35Si les esprits chagrins critiquent cette injonction à l’entrepreneuriat culturel, l’intérêt actuel porté à l’entrepreneur culturel nous semble prometteuse car elle traduit l’émergence de nouvelles dynamiques dans les jeunes générations et de fructueuses voies de dépassement des oppositions binaires et trop dichotomiques du monde socio-économique : Matériel / Idéel, Art / Economie, Artiste / Entrepreneur, Créer / Gérer, Individuel / Collectif, Amateur / Professionnel… En s’intéressant au travail entrepreneurial effectif, il s’agit d’ouvrir la boîte noire de l’activité de l’entrepreneur culturel, pour (re)découvrir les méthodes, les compétences et réseaux que l’entrepreneur construit, mobilise et coordonne pour développer son projet, inventer de nouvelles structures, organisations et collaborations. De nouveaux espaces de questions et de débat s’ouvrent à nous pour à la fois mieux comprendre et expliquer ces dynamiques entrepreneuriales de l’univers culturel comme autant de phénomènes socio-économiques, spatio-temporels et culturels complexes.
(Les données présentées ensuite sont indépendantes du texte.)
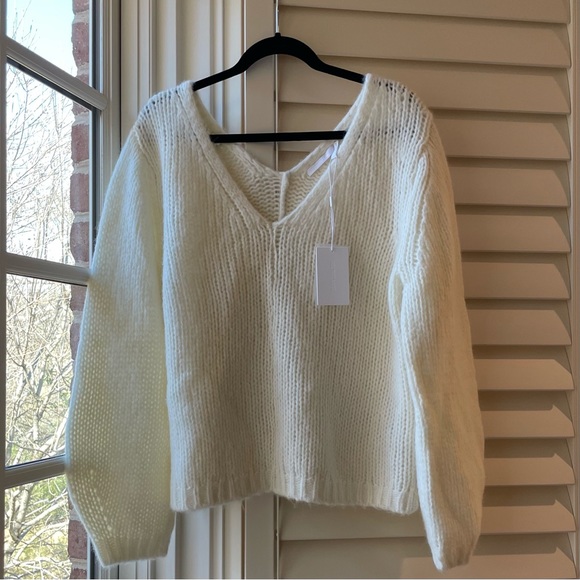 NWT Helmut Lang Wide Double V-Neck Chunky Knit Sweater in Ivory - Picture 3 of 14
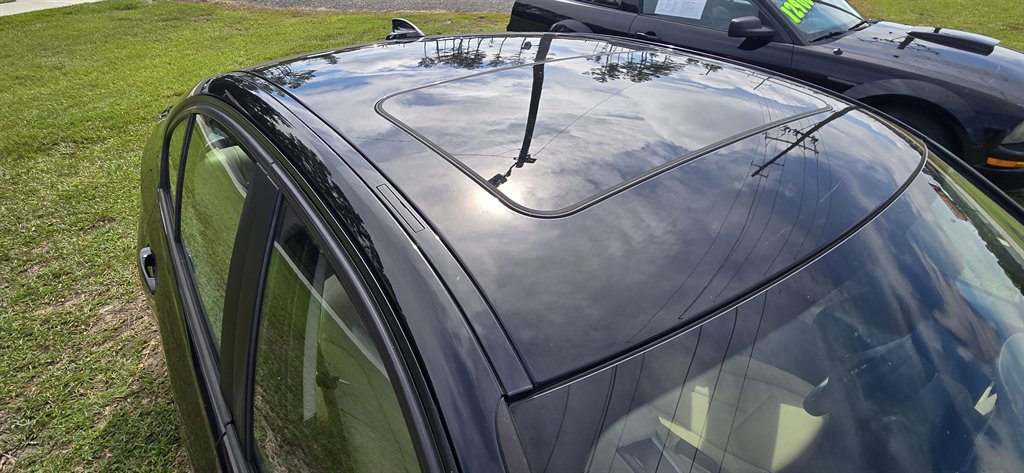 BMW 3 Series photo 9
3 – Présentation des articles du numéro

36Les articles présentés dans ce numéro spécial reposent sur des recherches empiriques menées tant en France (Saint-Etienne) qu’en Europe (Belgique, Pays de Galles, Pays-Bas), en milieu rural et urbain ainsi que sur différentes catégories d’acteurs (artistes, créatifs). Les travaux ont été menés par des chercheurs spécialisés en entrepreneuriat et/ou management culturel. Ces textes contribuent à enrichir les trois thématiques principales que nous avions proposées lors de l’appel à contributions : (1) la caractérisation de l’entrepreneuriat et de l’entrepreneur créatifs et culturels, (2) les pratiques des entrepreneurs culturels et les dynamiques et processus entrepreneuriaux qu’ils impulsent, et (3) les rôles des dispositifs de gestion spécifiques au secteur en tenant compte plus particulièrement de leur environnement.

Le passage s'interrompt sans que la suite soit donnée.